Все воскресенья, а также каникулярное время Тони проводила на Менгштрассе или за городом у старых Крегеров. Какое счастье, если в светлое Христово Воскресение выдается хорошая погода, ведь так приятно разыскивать яйца и марципановых зайчиков в огромном крегеровском саду! А до чего хорошо отдыхать летом у моря — жить в кургаузе, обедать за табльдотом, купаться и ездить на ослике. В годы, когда дела у консула шли хорошо, Будденброки предпринимали путешествия и более дальние. А Рождество с подарками, которые получаешь в трех местах — дома, у деда с бабкой и у Зеземи, где в этот вечер бишоф льется рекой!.. Но, что ни говори, всего великолепнее сочельник дома! Консул любит, чтобы этот вечер протекал благолепно, роскошно, подлинно празднично: все семейство торжественно собиралось в ландшафтной, а в ротонде уже толпились прислуга и разный пришлый люд, городская беднота, какие-то старики и старушки, — консул всем пожимал их сизо-красные руки — и за дверью вдруг раздавалось четырехголосное пение, хорал, исполняемый певчими из Мариенкирхе, такой ликующий, что сердце начинало сильнее биться в груди, а из-за высоких белых дверей в это время уже пробивался запах елки. Затем консульша медленно прочитывала из фамильной Библии с непомерно большими буквами главу о Рождестве Христовом; когда она кончала, за стенами комнаты снова раздавалось церковное пение, а едва успевало оно отзвучать, как все уже затягивали: «О, елочка! О, елочка!» — и торжественным шествием направлялись в большую столовую со статуями на шпалерах, где вся в белых лилиях и в дрожащих блестках, ароматная, сверкающая, к потолку вздымалась елка и стол с рождественскими дарами тянулся от окон до самых дверей.

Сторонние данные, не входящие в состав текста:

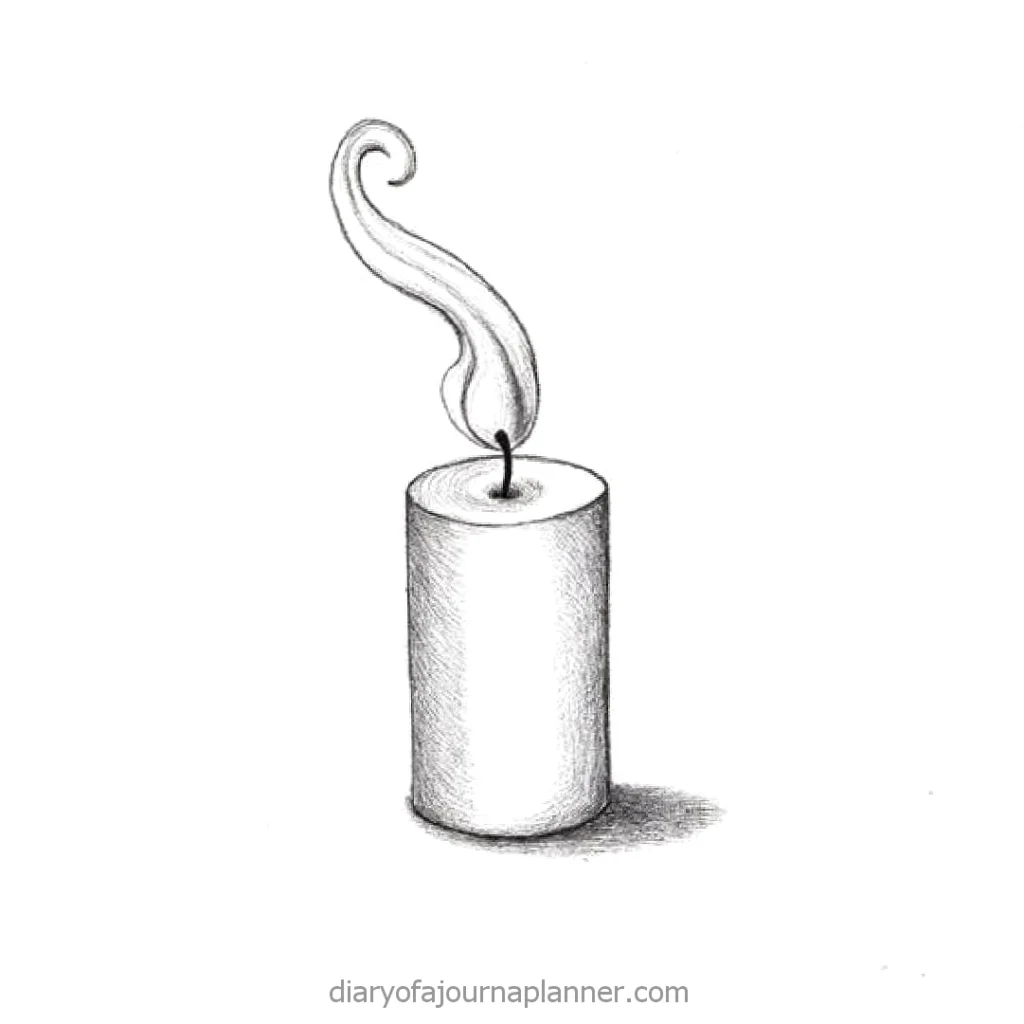 Hand-drawn candle with a unique swirling flame, grayscale sketch.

На улице, покрытой смерзшейся снежной пеленой, играли итальянцы-шарманщики, и с рыночной площади доносился гул рождественской ярмарки. В этот вечер все дети, за исключением маленькой Клары, принимали участие в позднем праздничном ужине, происходившем в ротонде, за которым в устрашающем изобилии подавались карпы и фаршированные индейки.

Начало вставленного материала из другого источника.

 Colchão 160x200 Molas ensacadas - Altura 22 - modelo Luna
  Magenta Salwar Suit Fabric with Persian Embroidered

Надо еще добавить, что в течение этих лет Тони Будденброк дважды гостила в мекленбургских имениях. Около месяца она пробыла со своей подругой Армгард в поместье г-на фон Шиллинга, расположенном на берегу залива, напротив Тра́вемюнде. В другой раз поехала с кузиной Клотильдой в имение, где г-н Бернгард Будденброк служил управляющим. Оно называлось «Неблагодатное» и не приносило ни гроша дохода, но летом там жилось очень неплохо.
Так шли годы. Так протекала счастливая юность Тони Будденброк.
В июне месяце, под вечер, часов около пяти, семья консула Будденброка кончала пить кофе в саду перед «порталом», куда консульша распорядилась принести из беседки легкую, изящной работы бамбуковую мебель. Внутри беседки, в побеленной комнатке, где на большом стенном зеркале были нарисованы порхающие птицы, а задние двустворчатые лакированные двери, если приглядеться, оказывались вовсе не дверьми, — даже ручки были просто к ним пририсованы, — воздух слишком накалился.